魏惠王去世,他的儿子即位为魏襄王(注意这个时候正是商鞅变法如火如荼展开,秦国势力蒸蒸日上之时)。孟轲前去拜见他,离开后对别人说:“襄王看样子就不像一个君主,和他接触根本无法让人产生敬畏之感。怎么这么说呢,一见面他猛然就问我:‘天下怎样才能安定?’我回答说:‘统一就能安定了。’他又问:‘谁能统一这个国家?’我回答:‘不滥杀人的人能统一国家。’‘谁愿意让他统一呢?’我回答说:‘天下的百姓都愿意。大王您知道禾苗吧,七八月间遇上大旱,禾苗都干枯萎靡。这时天上乌云密布,大雨滂沱,禾苗就生机勃勃,一片葱郁。这样的势头,谁能阻挡!’”这段对话可以看出孟子确实有点孩子气,老百姓确实喜欢仁慈的君主,可是几千年中国历史老百姓何时有过说话的权力啊?在战乱的时代、在以百姓为刍狗的中国社会,孟老夫子的人文主义关怀虽然幼稚但确是我们向往的。呜呼!孟夫子生错了时代和地方啊!
这个时候战国历史上出现了个大事情,老燕国国君因为重用一位叫做“子之”的人物,决定把国家禅让给“子之”,其实这个事情对大臣和百姓而言也没啥。对大臣而言在哪个老板手下都是打工,对百姓而言来了谁都是对我敲骨吸髓。
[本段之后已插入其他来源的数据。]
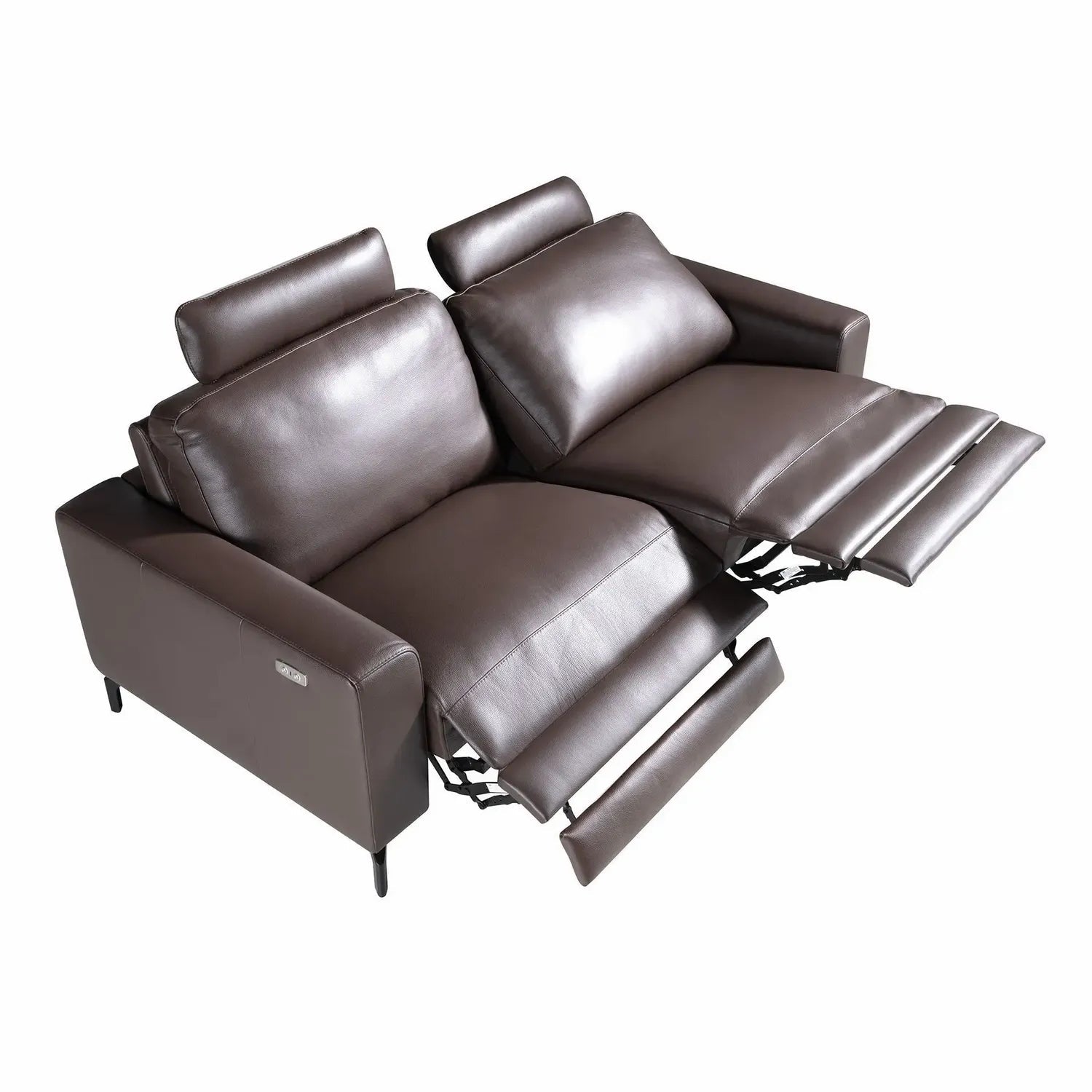 Canapé relax 3 places en cuir marron chocolat Angel cerda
可对于燕国的太子就不一样了,这是赤裸裸的抢我家业啊,于是带兵开打燕国发生了大规模内乱,这个时候齐国就有了可乘之机。齐王请教孟轲:“有人建议我不要攻占燕国,有人却建议我乘机吞并它。我想,以万乘兵车的大国(春秋战国时期衡量一个国家大小主要是看部队数量,春秋时期还好周王有要求各个国家按照级别能拥有的战车数量,就像现在联合国组织大国裁军一样;可到了战国战车数量就完全靠自己的国力承担没人限制你了。)去进攻另一个同样的大国,五十天就给征服掉,这靠人的力量是作不到的,只能是天意。既然上天这样安排,现在我若不吞并燕国,上天一定会降祸怪罪。我把燕国并入齐国,怎么样?”(这话说的和紫霞仙子一个路数,“上天安排的最大嘛”)孟轲回答说:“吞并后如果燕国人民很高兴,那就吞并吧,古代有这样做的,比如周武王。吞并后使燕国人民气愤,就不要吞并,古代也有这样行事的,比如周文王。齐国以一个万乘兵车水平的大国征讨另一个大国,那里的百姓都捧着食品、茶水来迎接齐军,没有别的原因,就是为了跳出水深火热的战祸啊!如果新统治下水更深,火更热,百姓又将转而投奔别的国家了。”这段对话又一次展现了孟夫子的人文主义情怀,如果中国历史上多些孟子多好啊!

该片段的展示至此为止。